Assigned task: Set down only the lines from the one containing "FAV تي شيرت مطبوع برقبة دائرية وأكمام قصيرة" through the final line of the entries below, exactly as they stand, with no pictures.

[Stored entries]
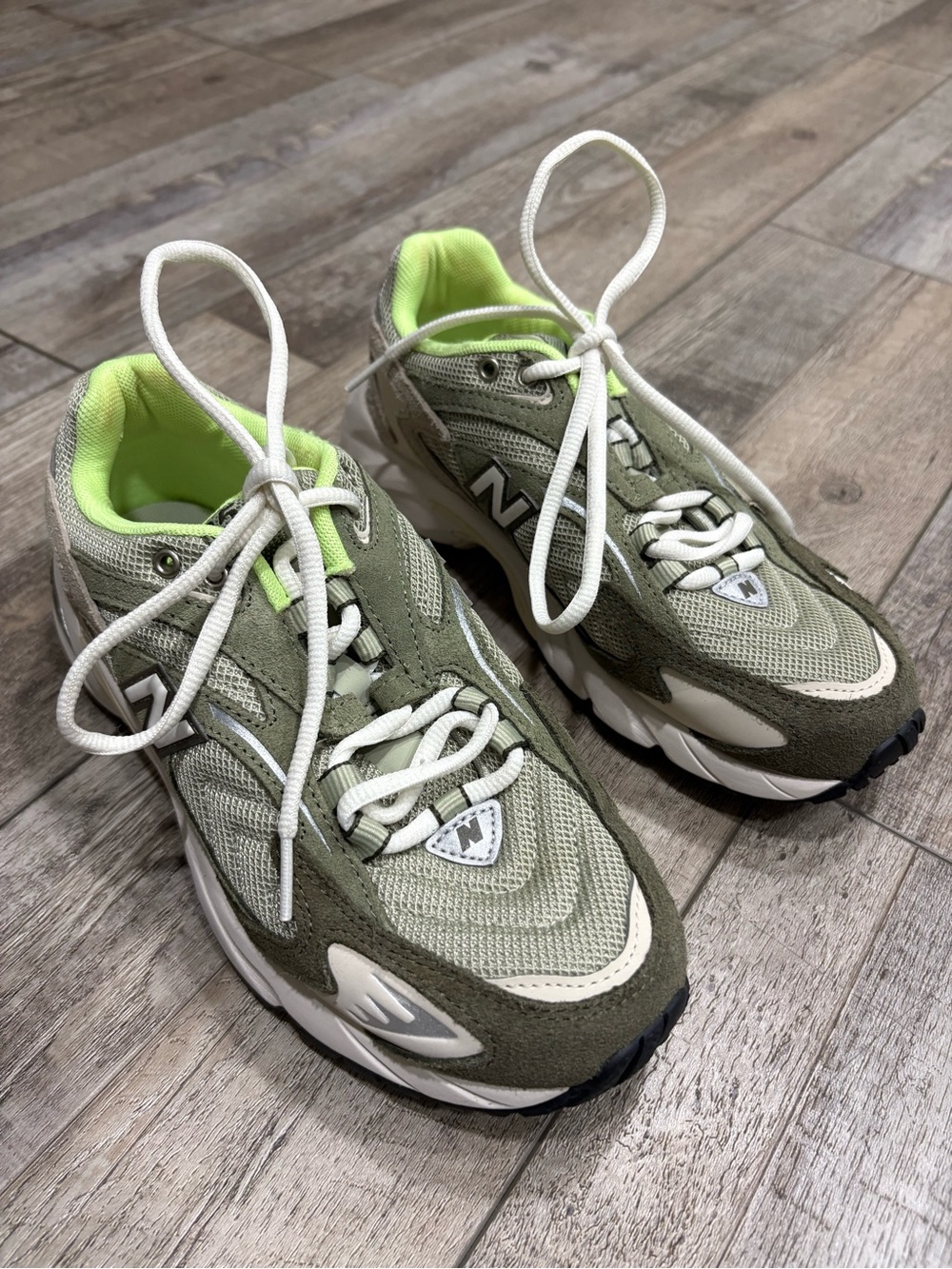 New Balance 725v1 sneakers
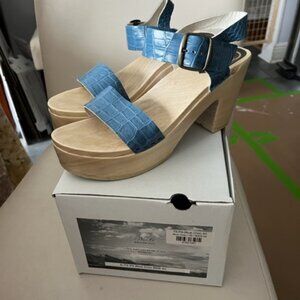 No.6 Store - New Blue Croc  Clog Sandals- Size Eur 42-  Super comfortable.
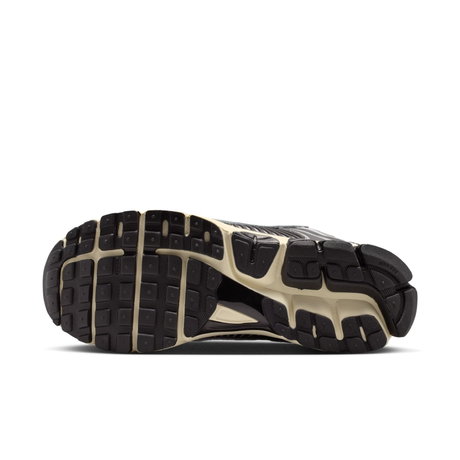 NIKE - Vomero 5 Erkek Sneaker Ayakkabı (1)
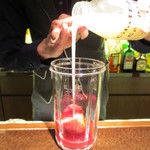 バー クラスター - もう一品フレッシュ苺のオリジナルカクテルを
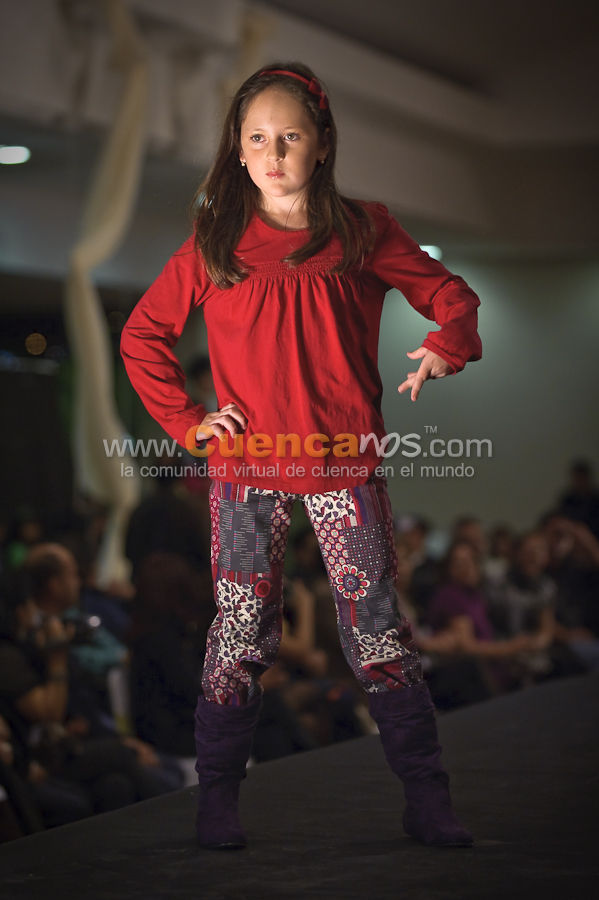 Magia Ayuda Desfile de Modas Virreina 2010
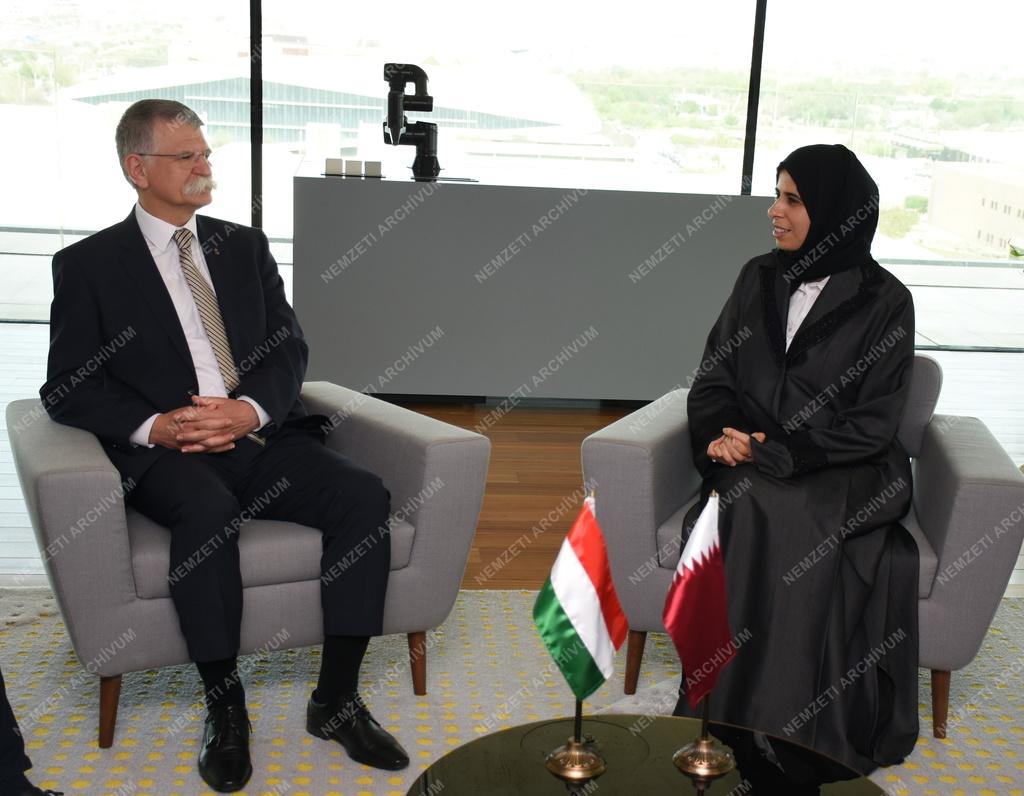 Kövér László Katarban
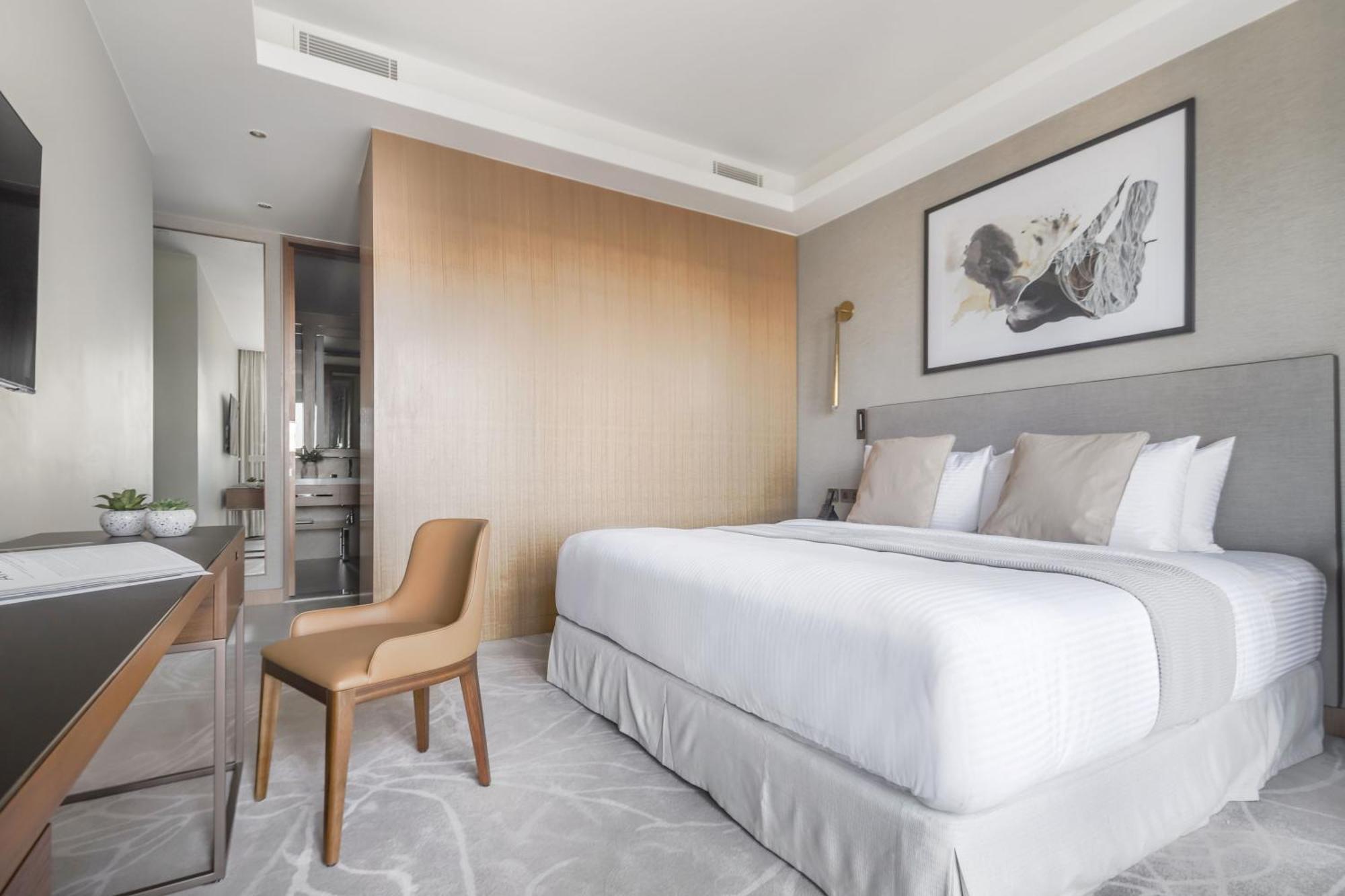 Frank Porter - The Address Residences Opera * Dubai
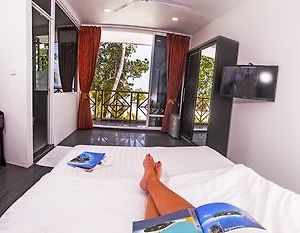 Seven Corals Hotel Maafushi Exterior photo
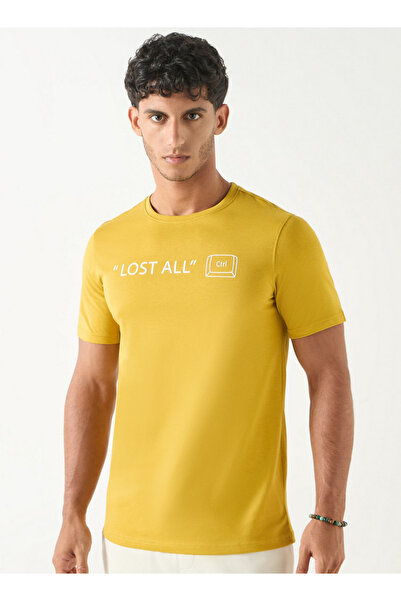 FAV تي شيرت مطبوع برقبة دائرية وأكمام قصيرة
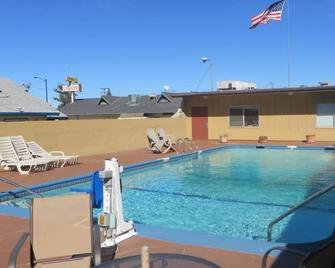 Motel 6 Beaumont Ca - Beaumont - Piscina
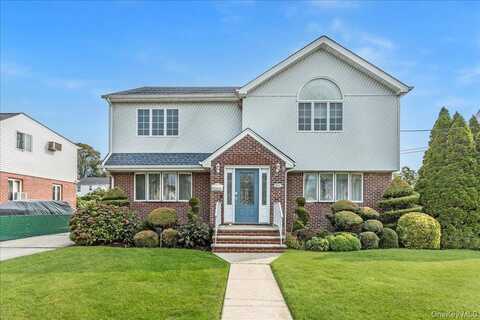 922 N 1st Street, New Hyde Park, NY 11040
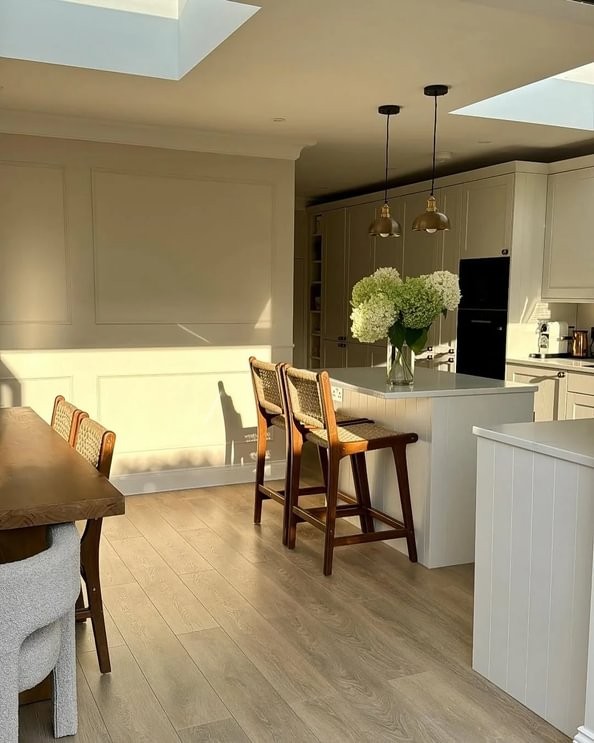 Richmond - Dana Oak Brown Kitchen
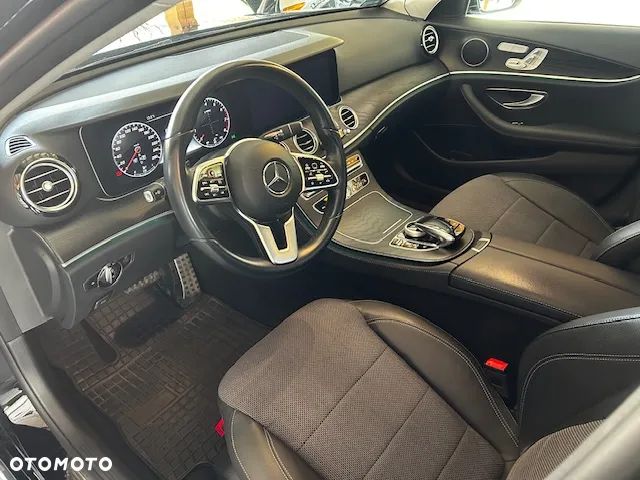 Mercedes-Benz Klasa E 250 9G-TRONIC - 6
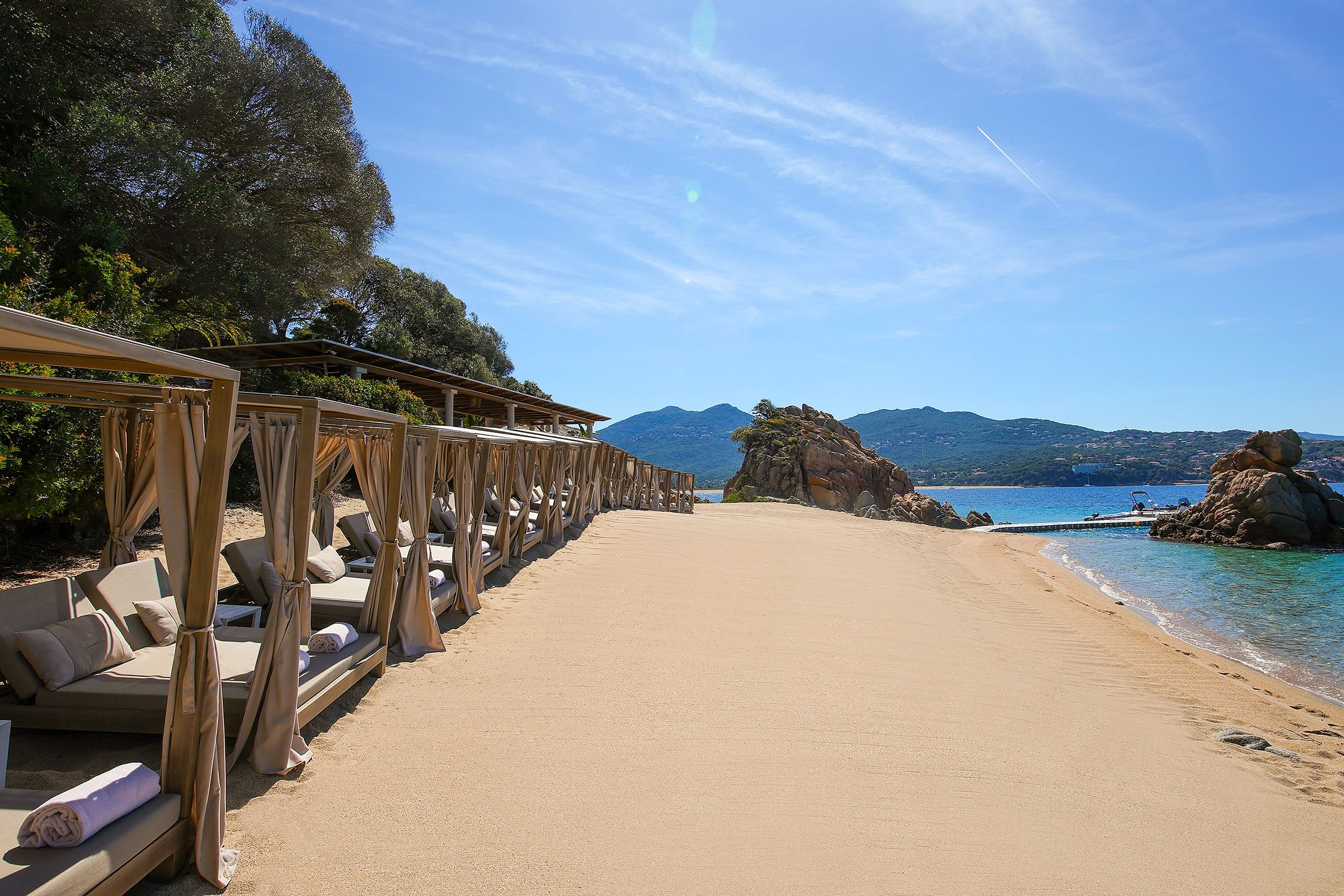 Bains de soleil pour des journées de farniente en Corse-du-Sud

Your response:
 FAV تي شيرت مطبوع برقبة دائرية وأكمام قصيرة
 Motel 6 Beaumont Ca - Beaumont - Piscina
 922 N 1st Street, New Hyde Park, NY 11040
 Richmond - Dana Oak Brown Kitchen
 Mercedes-Benz Klasa E 250 9G-TRONIC - 6
 Bains de soleil pour des journées de farniente en Corse-du-Sud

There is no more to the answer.